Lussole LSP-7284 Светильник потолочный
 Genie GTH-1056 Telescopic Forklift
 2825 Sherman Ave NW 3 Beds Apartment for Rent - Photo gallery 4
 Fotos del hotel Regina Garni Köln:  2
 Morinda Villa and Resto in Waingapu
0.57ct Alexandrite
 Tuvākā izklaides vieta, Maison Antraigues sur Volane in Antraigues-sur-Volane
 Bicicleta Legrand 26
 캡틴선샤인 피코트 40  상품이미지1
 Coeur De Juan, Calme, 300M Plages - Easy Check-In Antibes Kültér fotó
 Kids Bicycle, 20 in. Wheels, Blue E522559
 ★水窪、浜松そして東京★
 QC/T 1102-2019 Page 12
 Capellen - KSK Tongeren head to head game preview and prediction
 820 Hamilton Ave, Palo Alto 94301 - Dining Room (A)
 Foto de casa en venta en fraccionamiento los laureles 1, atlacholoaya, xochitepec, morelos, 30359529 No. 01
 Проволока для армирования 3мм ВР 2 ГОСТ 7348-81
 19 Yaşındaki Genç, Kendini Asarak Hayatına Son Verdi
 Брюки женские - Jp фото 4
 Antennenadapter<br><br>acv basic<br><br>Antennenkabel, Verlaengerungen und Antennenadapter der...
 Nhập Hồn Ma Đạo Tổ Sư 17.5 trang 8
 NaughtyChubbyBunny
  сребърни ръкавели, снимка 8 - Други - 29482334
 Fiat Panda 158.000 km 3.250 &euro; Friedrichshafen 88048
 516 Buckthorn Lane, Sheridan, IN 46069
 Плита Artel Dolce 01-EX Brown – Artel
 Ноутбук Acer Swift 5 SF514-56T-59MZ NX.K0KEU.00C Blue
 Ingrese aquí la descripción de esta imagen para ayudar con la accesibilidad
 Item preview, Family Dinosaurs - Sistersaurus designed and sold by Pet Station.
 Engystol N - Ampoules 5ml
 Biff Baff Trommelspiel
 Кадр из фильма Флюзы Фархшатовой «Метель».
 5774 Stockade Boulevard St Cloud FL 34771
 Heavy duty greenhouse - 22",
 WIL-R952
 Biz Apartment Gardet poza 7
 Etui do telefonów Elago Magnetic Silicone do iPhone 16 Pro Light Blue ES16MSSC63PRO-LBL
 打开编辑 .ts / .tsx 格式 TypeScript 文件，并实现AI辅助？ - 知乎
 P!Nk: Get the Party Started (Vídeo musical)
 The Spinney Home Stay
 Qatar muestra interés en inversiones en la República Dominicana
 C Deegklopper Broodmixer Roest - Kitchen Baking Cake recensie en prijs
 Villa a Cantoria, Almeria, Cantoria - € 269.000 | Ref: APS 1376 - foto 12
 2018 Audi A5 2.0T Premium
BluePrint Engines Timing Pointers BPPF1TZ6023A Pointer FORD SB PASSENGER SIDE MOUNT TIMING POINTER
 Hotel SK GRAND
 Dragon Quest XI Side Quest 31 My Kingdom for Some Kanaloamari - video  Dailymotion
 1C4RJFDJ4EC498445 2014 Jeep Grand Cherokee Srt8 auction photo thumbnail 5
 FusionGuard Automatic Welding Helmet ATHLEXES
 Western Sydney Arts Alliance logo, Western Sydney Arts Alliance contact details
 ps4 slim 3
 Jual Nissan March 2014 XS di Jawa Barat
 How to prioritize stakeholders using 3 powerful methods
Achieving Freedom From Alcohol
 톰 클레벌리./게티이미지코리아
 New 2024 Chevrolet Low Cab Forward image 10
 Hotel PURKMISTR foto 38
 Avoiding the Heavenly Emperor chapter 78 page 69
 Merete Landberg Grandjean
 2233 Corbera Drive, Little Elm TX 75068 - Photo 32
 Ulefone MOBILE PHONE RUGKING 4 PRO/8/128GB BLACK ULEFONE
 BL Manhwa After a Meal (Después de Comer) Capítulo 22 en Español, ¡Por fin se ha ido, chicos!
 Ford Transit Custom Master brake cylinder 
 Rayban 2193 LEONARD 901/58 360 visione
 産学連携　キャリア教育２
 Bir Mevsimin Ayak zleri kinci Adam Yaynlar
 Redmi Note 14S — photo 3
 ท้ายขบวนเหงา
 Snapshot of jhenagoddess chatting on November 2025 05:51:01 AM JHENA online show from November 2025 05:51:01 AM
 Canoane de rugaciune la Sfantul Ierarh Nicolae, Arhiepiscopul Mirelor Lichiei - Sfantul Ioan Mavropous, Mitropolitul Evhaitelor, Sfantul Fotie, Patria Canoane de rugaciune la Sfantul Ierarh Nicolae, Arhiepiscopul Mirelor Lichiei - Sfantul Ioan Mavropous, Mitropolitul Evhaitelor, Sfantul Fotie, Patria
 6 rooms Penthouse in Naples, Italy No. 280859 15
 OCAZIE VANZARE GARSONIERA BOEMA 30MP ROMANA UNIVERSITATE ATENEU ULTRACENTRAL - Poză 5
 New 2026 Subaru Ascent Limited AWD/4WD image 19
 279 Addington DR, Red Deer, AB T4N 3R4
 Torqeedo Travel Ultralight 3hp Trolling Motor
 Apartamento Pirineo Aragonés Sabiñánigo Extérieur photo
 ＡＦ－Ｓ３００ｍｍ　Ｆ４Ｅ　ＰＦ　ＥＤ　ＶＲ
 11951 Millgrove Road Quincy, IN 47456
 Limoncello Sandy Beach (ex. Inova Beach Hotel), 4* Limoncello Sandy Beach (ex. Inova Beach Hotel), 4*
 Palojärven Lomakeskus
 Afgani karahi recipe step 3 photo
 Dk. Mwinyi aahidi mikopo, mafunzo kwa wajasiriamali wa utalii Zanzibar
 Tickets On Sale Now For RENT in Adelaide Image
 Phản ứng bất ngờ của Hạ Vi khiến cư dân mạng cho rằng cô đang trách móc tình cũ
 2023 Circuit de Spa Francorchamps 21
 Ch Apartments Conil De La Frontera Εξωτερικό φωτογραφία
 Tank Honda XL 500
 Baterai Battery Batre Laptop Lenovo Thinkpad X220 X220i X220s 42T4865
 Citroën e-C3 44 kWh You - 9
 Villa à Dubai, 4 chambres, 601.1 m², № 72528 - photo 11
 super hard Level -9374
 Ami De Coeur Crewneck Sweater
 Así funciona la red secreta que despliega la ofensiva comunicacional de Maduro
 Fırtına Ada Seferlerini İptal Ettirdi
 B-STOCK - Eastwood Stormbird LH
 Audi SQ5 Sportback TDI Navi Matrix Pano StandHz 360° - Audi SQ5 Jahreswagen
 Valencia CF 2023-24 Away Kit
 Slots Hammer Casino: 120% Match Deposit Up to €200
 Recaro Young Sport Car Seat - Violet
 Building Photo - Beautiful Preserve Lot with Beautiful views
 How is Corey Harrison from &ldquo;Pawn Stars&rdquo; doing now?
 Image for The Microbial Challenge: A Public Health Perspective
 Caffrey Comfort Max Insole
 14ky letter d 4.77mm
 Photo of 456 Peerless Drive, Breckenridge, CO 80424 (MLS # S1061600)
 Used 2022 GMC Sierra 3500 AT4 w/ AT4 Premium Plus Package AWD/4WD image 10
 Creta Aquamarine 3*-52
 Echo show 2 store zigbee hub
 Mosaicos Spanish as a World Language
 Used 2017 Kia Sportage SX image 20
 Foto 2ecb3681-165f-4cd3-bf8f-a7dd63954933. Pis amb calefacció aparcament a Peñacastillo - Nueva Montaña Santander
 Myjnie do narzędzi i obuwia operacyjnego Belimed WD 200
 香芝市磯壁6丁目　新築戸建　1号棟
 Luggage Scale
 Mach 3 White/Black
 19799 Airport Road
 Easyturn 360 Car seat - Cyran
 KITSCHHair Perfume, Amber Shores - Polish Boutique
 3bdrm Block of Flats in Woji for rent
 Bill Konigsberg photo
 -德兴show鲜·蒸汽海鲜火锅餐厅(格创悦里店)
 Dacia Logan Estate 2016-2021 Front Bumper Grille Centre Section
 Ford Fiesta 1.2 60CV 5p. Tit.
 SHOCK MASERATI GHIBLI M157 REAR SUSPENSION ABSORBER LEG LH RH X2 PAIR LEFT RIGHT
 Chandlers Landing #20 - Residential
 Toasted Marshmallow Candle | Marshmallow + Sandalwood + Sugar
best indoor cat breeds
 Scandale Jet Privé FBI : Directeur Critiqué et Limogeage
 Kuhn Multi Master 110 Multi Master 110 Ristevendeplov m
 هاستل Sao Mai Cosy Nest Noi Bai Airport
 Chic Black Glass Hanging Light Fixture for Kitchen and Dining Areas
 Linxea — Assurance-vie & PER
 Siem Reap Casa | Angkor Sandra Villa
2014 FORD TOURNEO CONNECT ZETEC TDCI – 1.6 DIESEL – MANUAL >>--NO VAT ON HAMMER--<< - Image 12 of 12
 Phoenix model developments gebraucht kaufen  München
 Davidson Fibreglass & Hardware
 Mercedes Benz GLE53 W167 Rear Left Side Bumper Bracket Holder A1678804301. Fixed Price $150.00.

- **Exercise directions**: The lines running from the start of the data through the one that contains "Etui do telefonów" should be reproduced exactly, and only those.

- **Response for this exercise**:
Lussole LSP-7284 Светильник потолочный
 Genie GTH-1056 Telescopic Forklift
 2825 Sherman Ave NW 3 Beds Apartment for Rent - Photo gallery 4
 Fotos del hotel Regina Garni Köln:  2
 Morinda Villa and Resto in Waingapu
0.57ct Alexandrite
 Tuvākā izklaides vieta, Maison Antraigues sur Volane in Antraigues-sur-Volane
 Bicicleta Legrand 26
 캡틴선샤인 피코트 40  상품이미지1
 Coeur De Juan, Calme, 300M Plages - Easy Check-In Antibes Kültér fotó
 Kids Bicycle, 20 in. Wheels, Blue E522559
 ★水窪、浜松そして東京★
 QC/T 1102-2019 Page 12
 Capellen - KSK Tongeren head to head game preview and prediction
 820 Hamilton Ave, Palo Alto 94301 - Dining Room (A)
 Foto de casa en venta en fraccionamiento los laureles 1, atlacholoaya, xochitepec, morelos, 30359529 No. 01
 Проволока для армирования 3мм ВР 2 ГОСТ 7348-81
 19 Yaşındaki Genç, Kendini Asarak Hayatına Son Verdi
 Брюки женские - Jp фото 4
 Antennenadapter<br><br>acv basic<br><br>Antennenkabel, Verlaengerungen und Antennenadapter der...
 Nhập Hồn Ma Đạo Tổ Sư 17.5 trang 8
 NaughtyChubbyBunny
  сребърни ръкавели, снимка 8 - Други - 29482334
 Fiat Panda 158.000 km 3.250 &euro; Friedrichshafen 88048
 516 Buckthorn Lane, Sheridan, IN 46069
 Плита Artel Dolce 01-EX Brown – Artel
 Ноутбук Acer Swift 5 SF514-56T-59MZ NX.K0KEU.00C Blue
 Ingrese aquí la descripción de esta imagen para ayudar con la accesibilidad
 Item preview, Family Dinosaurs - Sistersaurus designed and sold by Pet Station.
 Engystol N - Ampoules 5ml
 Biff Baff Trommelspiel
 Кадр из фильма Флюзы Фархшатовой «Метель».
 5774 Stockade Boulevard St Cloud FL 34771
 Heavy duty greenhouse - 22",
 WIL-R952
 Biz Apartment Gardet poza 7
 Etui do telefonów Elago Magnetic Silicone do iPhone 16 Pro Light Blue ES16MSSC63PRO-LBL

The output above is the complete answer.